Portakal ve limon ağaçlarının umudu…
 
Şehir merkezinde bir yandan enkazlar dururken kent halkı ise acılarına rağmen yaşama tutunuyor. Kentte yıkılan binaların enkazı arasındaki portakal ve limon ağaçları renkleri ve canlılıklarıyla halka yaşamın devam ettiğinin umudu gibi yansıyor.
 
Tavla Mahallesi’nin yüzde 80’i yıkılmış
 
İktidar, gönüllüler ve halkın arasındaki bağı her ne kadar koparmaya çalışsa da dayanışma da sürüyor.
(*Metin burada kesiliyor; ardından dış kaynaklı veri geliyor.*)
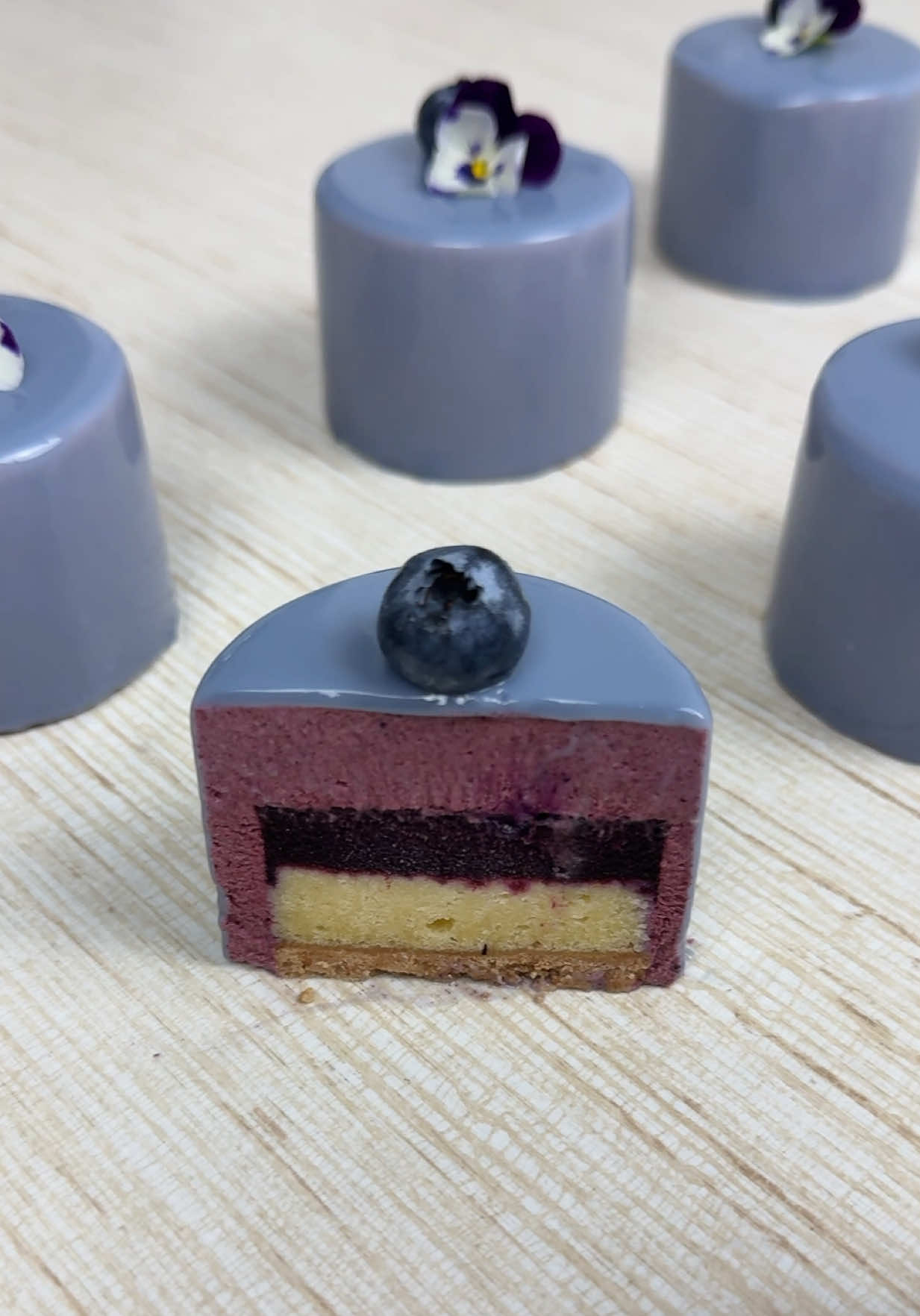 🇫🇷 Entremets myrtille. Recette dans mon e-magazine, édition entremets. Lien dans la bio ou commente « recette » 🇬🇧 Blueberry entremets. Recipe in my e-magazine, entremets edition. Link in bio or comment “recipe” 🇪🇸 Entremets arándano. Receta en mi revista digital, edición entremets. Enlace en bio o comentario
Karşılıklı örgütlenmenin de sağlandığı mahallelerden biri olan Defne’ye bağlı 5 bin nüfusa sahip olan Tavla Mahallesi’nde binaların yüzde 80’i kullanılmayacak durumda. Depremden üç gün sonra AFAD’ın girdiği mahallede, halkın bir çoğu hala çadır alamazken, halk kendi imkanlarıyla bahçelerinde yaptığı çadırlarda yaşamlarını sürdürüyor. Enkazların arasında da yaşamı yeniden ören mahalleli kadınlar, mahalledeki tandırdan ekmek yaparak bir yandan da dayanışmayı örüyor. 
 
20 gün sonra çadır verildi
 
Gıda ve ekmek sorunundan kaynaklı mahalledeki bulunan kadınlarla birlikte ekmek pişiren Seyhan Karam,  evlerinin hasarlı olduğunu, yapılan hasar tespitinde evlerine “oturulabilir” denildiğini, ikinci bir tespitin daha yapılmadığını kaydetti. 5’nci gün AFAD’ın mahalleye geldiğini dile getiren Seyhan, “Dışarıda kaldık çadırlar gelene kadar. Çadırlarda depremin üzerinden 20 gün geçtikten sonra verildi. Ama bizim çadırımız İstanbul’da bir yakınımız tarafından gönderildi. İlk günlerde halkın yardımlarıyla ayakta kaldık”  dedi. 
 
‘Halkın dayanışması bizi ayakta tutuyor’
 
Dışarıdan gelen gönüllerle birlikte 13 kişiyle tandırda ekmek pişirdiklerini söyleyen Seyhan, her gün ekmek pişirdiklerini dile getirdi. Seyhan, “Dışarıdan gelen gönüller sadece gelip el uzatmıyorlar. Psikolojik olarak da çok ciddi destek oluyorlar. Yaşama umudumuz açıkçası bitmişti ama bu birliktelik ve dayanışma bize yeniden yaşama umudu veriyor. Ben toplumda yemek yemezdim, içmezdim ama bu dayanışma her şeyin üstünden geldi. Ben ilk defa böyle bir dayanışma gördüm. Bu dayanışma umudu bizi ayakta tutuyor bizi” diye konuştu.